Dublin is a multicultural city and with English as its first language, it attracts much international talent. International entrepreneurs are welcomed into the city and the entrepreneur visa makes relocating to Ireland incredibly easy and inclusive. In fact, Ireland is the only English speaking country to have an open door to entrepreneurs.
The government back the scene in many other ways too, spearheaded by Enterprise Ireland, offering support to young businesses through a variety of programs and funding initiatives and by providing a central focus of the startup scene. Programs include the Enterprise START Programme, The Innovation Academy in UCD, New Frontiers DIT Houthouse, NDRC Female Founders and UStart in DCU to name a few.

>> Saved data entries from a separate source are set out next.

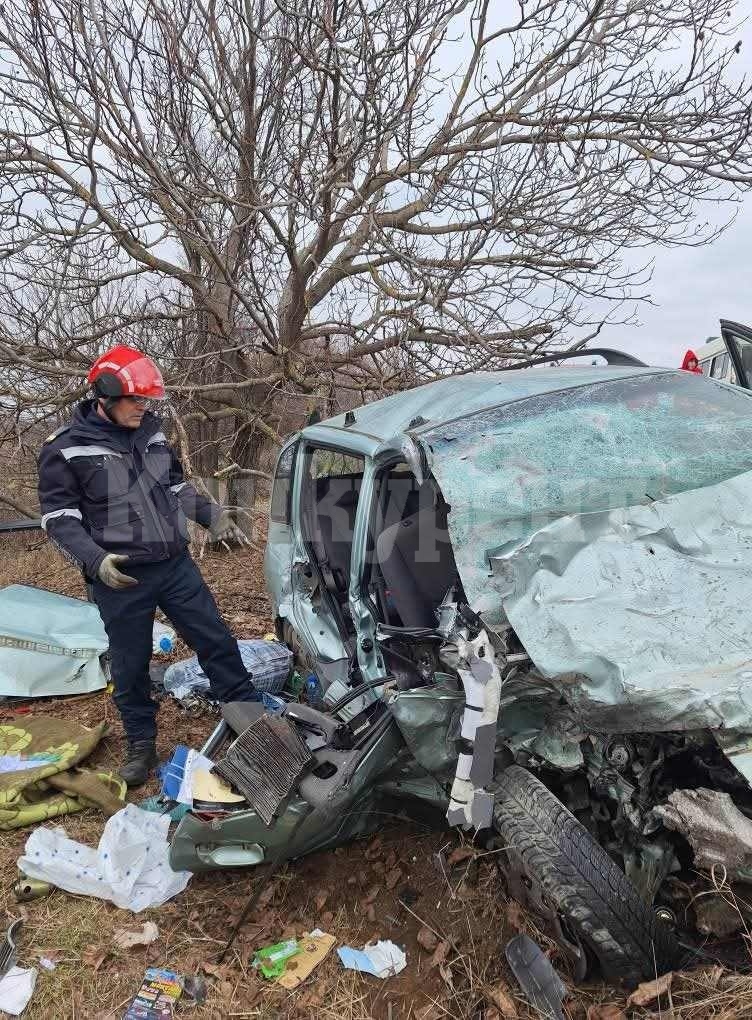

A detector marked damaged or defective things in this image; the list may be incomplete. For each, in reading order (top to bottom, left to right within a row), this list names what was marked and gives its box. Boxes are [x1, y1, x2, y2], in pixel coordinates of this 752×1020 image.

shattered windshield [424, 373, 752, 550]
wrecked car [173, 336, 752, 987]
crumpled car hood [434, 463, 752, 734]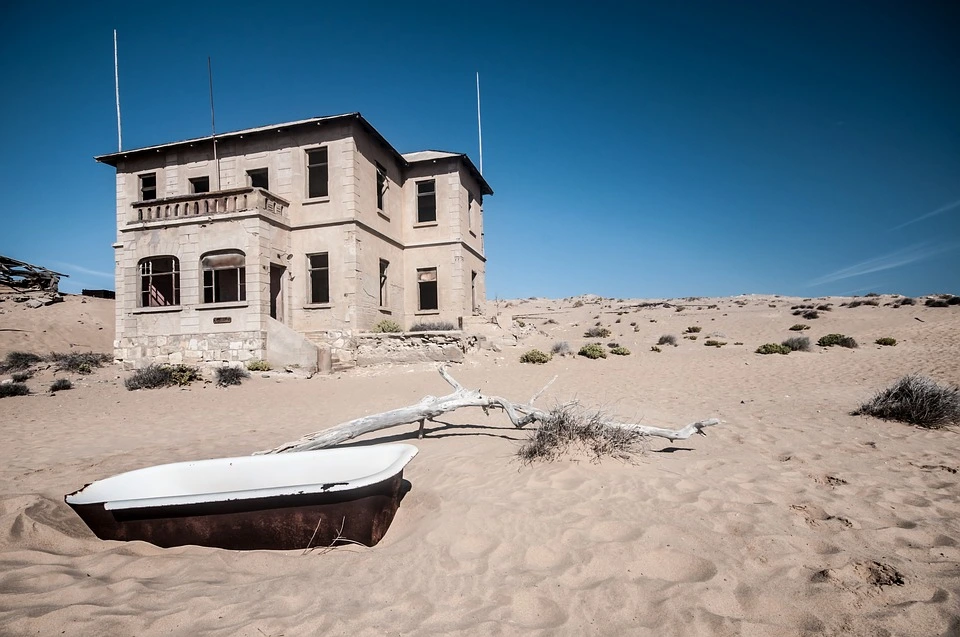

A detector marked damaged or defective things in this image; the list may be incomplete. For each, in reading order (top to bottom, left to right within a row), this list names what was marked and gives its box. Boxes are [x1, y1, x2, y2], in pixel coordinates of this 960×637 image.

broken window [140, 173, 157, 200]
broken window [188, 175, 209, 193]
broken window [248, 168, 270, 190]
broken window [308, 148, 330, 198]
broken window [416, 180, 438, 225]
broken window [139, 258, 180, 308]
broken window [200, 251, 246, 304]
broken window [314, 252, 336, 304]
broken window [416, 266, 438, 310]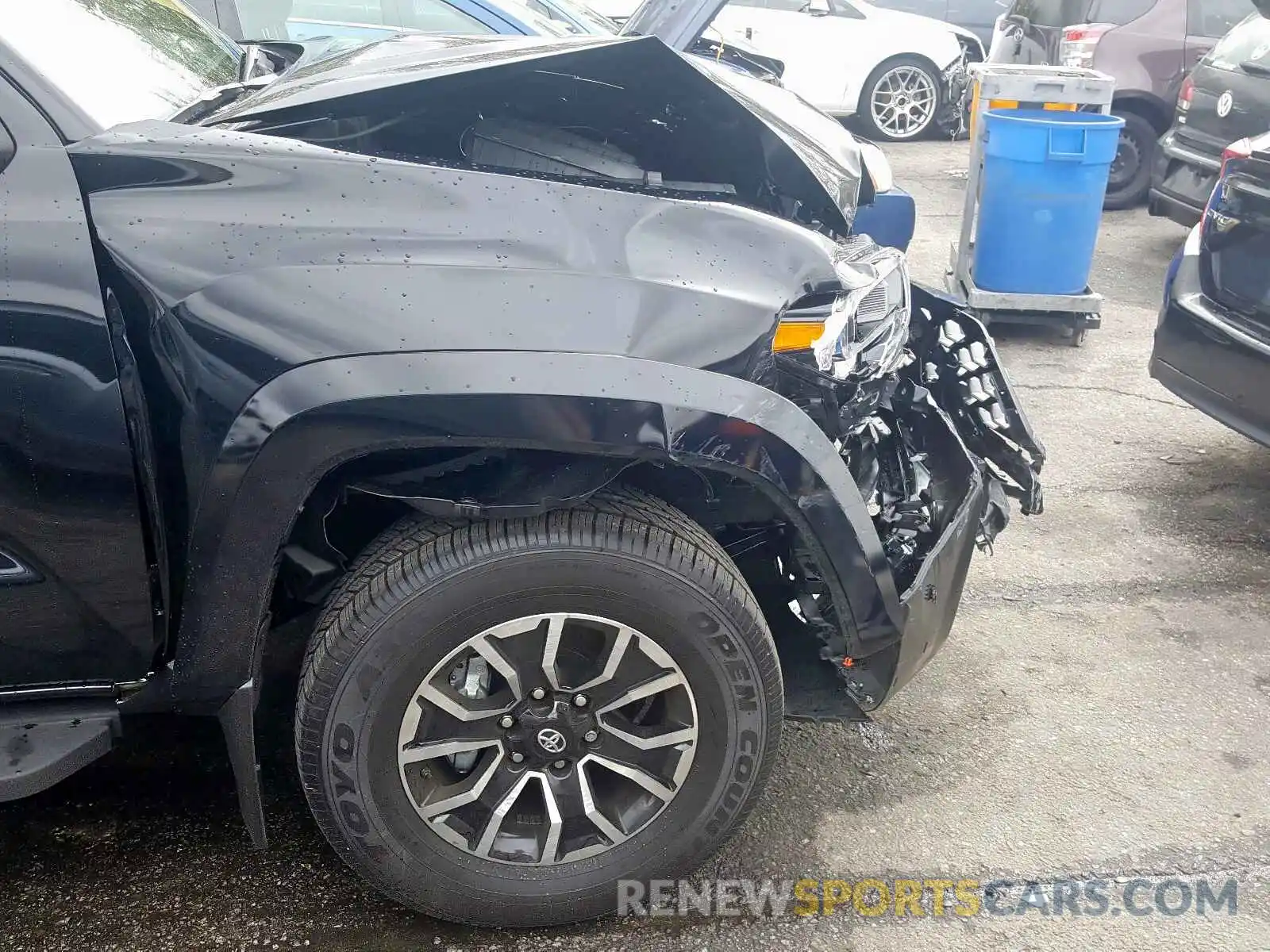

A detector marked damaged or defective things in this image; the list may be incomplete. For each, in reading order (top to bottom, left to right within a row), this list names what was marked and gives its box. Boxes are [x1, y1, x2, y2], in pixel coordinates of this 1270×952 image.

crumpled hood [213, 33, 868, 227]
torn inner fender liner [213, 35, 868, 240]
broken headlight [807, 237, 909, 383]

Whilst there are things still to work on, namely improved A and B series funding to help companies scale up and compete on an international level and problems to overcome such as rising cost of living and the small market, Dublin is undoubtedly a thriving scene and has the success stories to prove it.
Dublin hosts a number of events from small, local affairs known as hack nights, meeting regularly in bars, to Startup Weekend Dublin and the Dublin Web Summit which welcomes people from all over the world. Ever more co-working spaces are appearing to try and counteract climbing rent. Popular spaces include Dogpatch, Gravity and Guinness Enterprise Centre.
Dublin has an incredibly good investment scene, with 4 dedicated seed funds totaling over 120 million euros and a strong VC and Angel Investor network. It is speculated that Dublin may well have more funding per capita for startups than any other world city. US investment into Ireland as a whole, exceeds the total of that invested into China, Brazil, India and Russia put together. There are also a series of incubators and accelerators supporting the development of startups including big names Seedcamp and FinTech.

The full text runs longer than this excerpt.